### RECORDS TO PROCESS
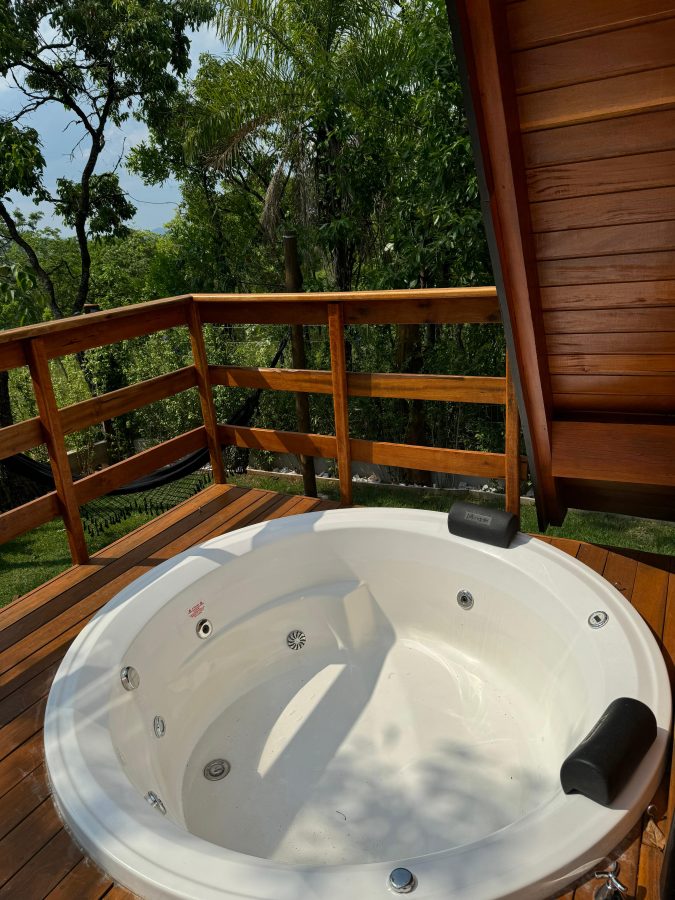 Rua do Buriti, 280 - Tarumã Hipica Park, Bonito - MS, 79290-000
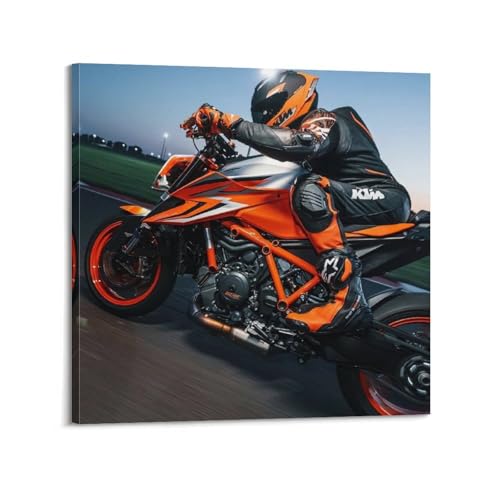 DECORAZIONE: TOP MODERN! Davvero accattivante! Ideale per tutti i design grafici e fotografici moderni. La tua parete/stanza ottiene una leggerezza e una bellezza molto speciali.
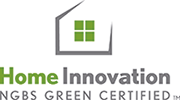 Home Innovation NGBS Green Certified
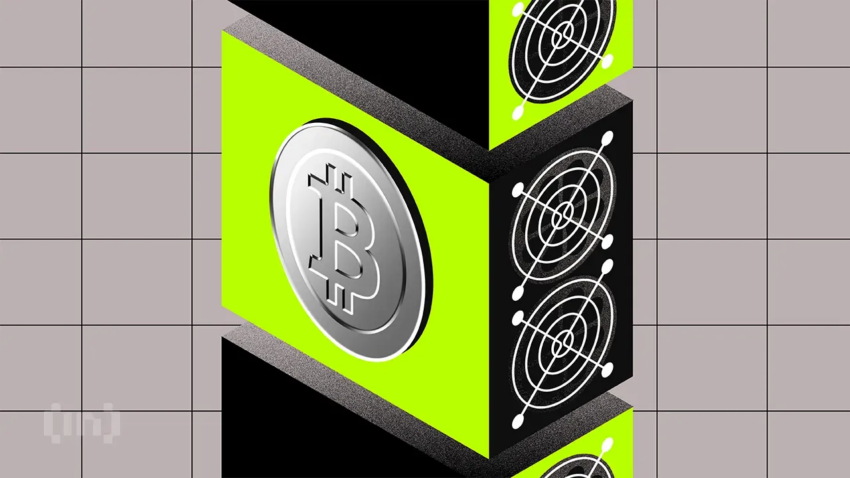 Bitcoin-Mining im Juni: Positive Signale trotz Rückgang der Produktion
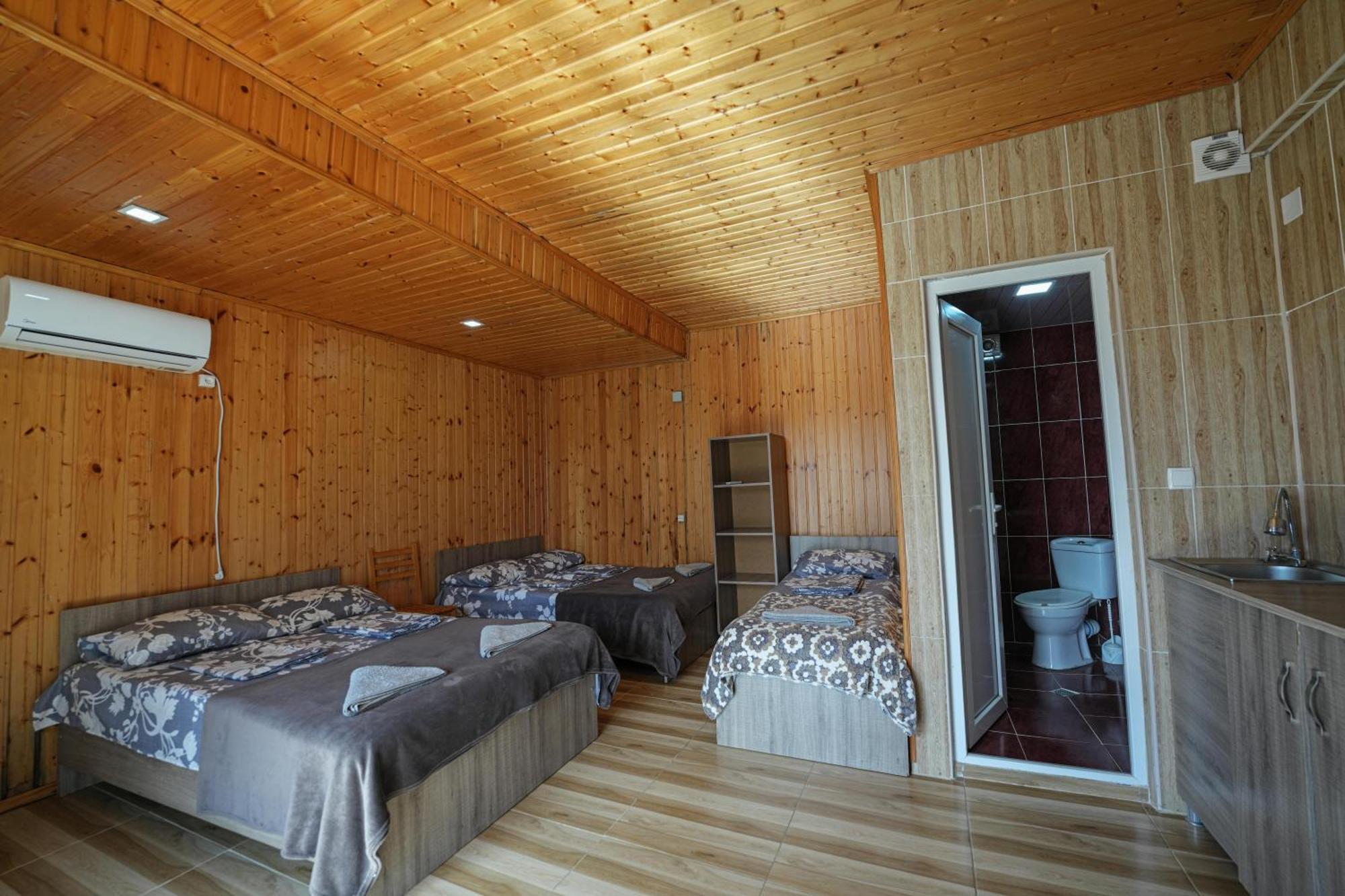 Ureki Residence Eksteriør bilde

### EXERCISE GOAL
Everything in the records above must be repeated exactly, except the pictures.

### RESPONSE BELOW
 Rua do Buriti, 280 - Tarumã Hipica Park, Bonito - MS, 79290-000
 DECORAZIONE: TOP MODERN! Davvero accattivante! Ideale per tutti i design grafici e fotografici moderni. La tua parete/stanza ottiene una leggerezza e una bellezza molto speciali.
 Home Innovation NGBS Green Certified
 Bitcoin-Mining im Juni: Positive Signale trotz Rückgang der Produktion
 Ureki Residence Eksteriør bilde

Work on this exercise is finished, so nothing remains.